Opponents of the vaccine requirement for healthcare workers said the order infringes on individual liberties. They also argue it would hurt healthcare facilities that are already struggling with a staffing shortage. And they said it’s unfair to healthcare workers who have been working courageously during the pandemic.

The federal rule requires all employees at healthcare facilities receiving Medicare or Medicaid funds to be fully vaccinated against COVID-19. The Centers for Medicare and Medicaid Services issued the order, which covers 17 million healthcare workers, in November.

The government’s separate, broader order covers employers with 100 or more workers. That order, issued by the Occupational Health and Safety Administration, requires employees to get vaccinated or submit to regular COVID-19 testing. It covers 84 million workers.

Both orders have been the subject of fierce legal battles. The mandate covering healthcare workers features one key difference: There is no testing option. Healthcare workers either must get the COVID-19 vaccine or face the loss of their job. There are limited religious and medical exemptions.

Court rulings have prohibited the federal government from enforcing the vaccine mandate for healthcare workers in 25 states. But the Biden administration, for now, can move forward in the other 25 states, unless the high court rules otherwise.

The CMS has set a timetable for the vaccine mandate for healthcare workers in those 25 states. They must get their first vaccine by Jan. 27 and must be fully vaccinated by Feb. 28.

Unless the court rules otherwise, the Feb. 28 vaccination deadline is in effect for healthcare workers in these states: California, Colorado, Connecticut, Delaware, Florida, Hawaii, Illinois, Maine, Maryland, Massachusetts, Michigan, Nevada, New Jersey, New Mexico, New York, Minnesota, North Carolina, Oregon, Rhode Island, Tennessee, Pennsylvania, Vermont, Virginia, Washington state, and Wisconsin.

The CMS said the vaccine order will not apply to these states where a federal court ruling has blocked the mandate: Alabama, Alaska, Arizona, Arkansas, Georgia, Idaho, Indiana, Iowa, Kansas, Kentucky, Louisiana, Mississippi, Missouri, Montana, Nebraska, New Hampshire, North Dakota, Ohio, Oklahoma, South Carolina, South Dakota, Texas, Utah, West Virginia, and Wyoming.

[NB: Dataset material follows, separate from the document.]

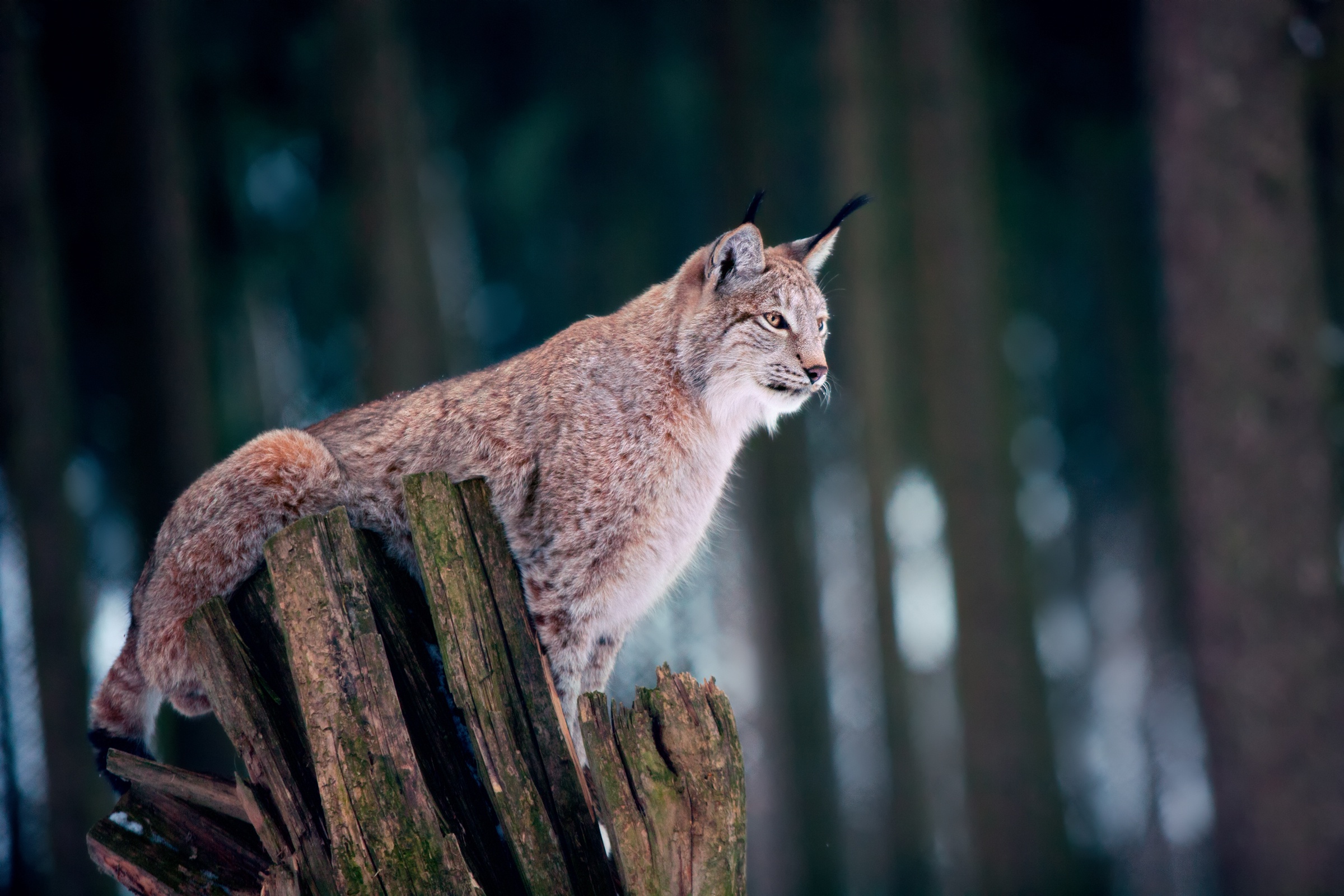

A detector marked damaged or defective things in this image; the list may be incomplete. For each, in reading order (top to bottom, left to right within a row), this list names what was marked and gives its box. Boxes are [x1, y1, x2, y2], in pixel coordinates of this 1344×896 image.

splintered wood [86, 475, 747, 896]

Some states have imposed their own regulations compelling healthcare workers to get vaccinated in recent months. Two states - California and New Mexico - have required healthcare workers to get COVID-19 booster shots.

Both of the Biden administration’s vaccine orders were initially slated to take effect Jan. 4 but were delayed due to the court challenges.

The vaccine mandate for healthcare workers reached the court as the Omicron variant has led to an unprecedented spike in COVID-19 cases.

Hospital leaders across the country say they are facing an overwhelming number of patients with COVID-19. Some states are seeing hospitalizations at higher levels than at any point of the pandemic. In addition, hospitals have been hampered by staffing shortages, which have been exacerbated as many healthcare workers have been infected due to the Omicron variant.

The justices appeared to be less convinced the federal government has the authority to impose the broader order compelling private businesses to vaccinate their workers. Roberts said such a requirement should come from Congress or the states.

Healthcare organizations have urged support for the vaccine requirement covering larger businesses. They argued it's a crucial step to curbing the spread of COVID-19.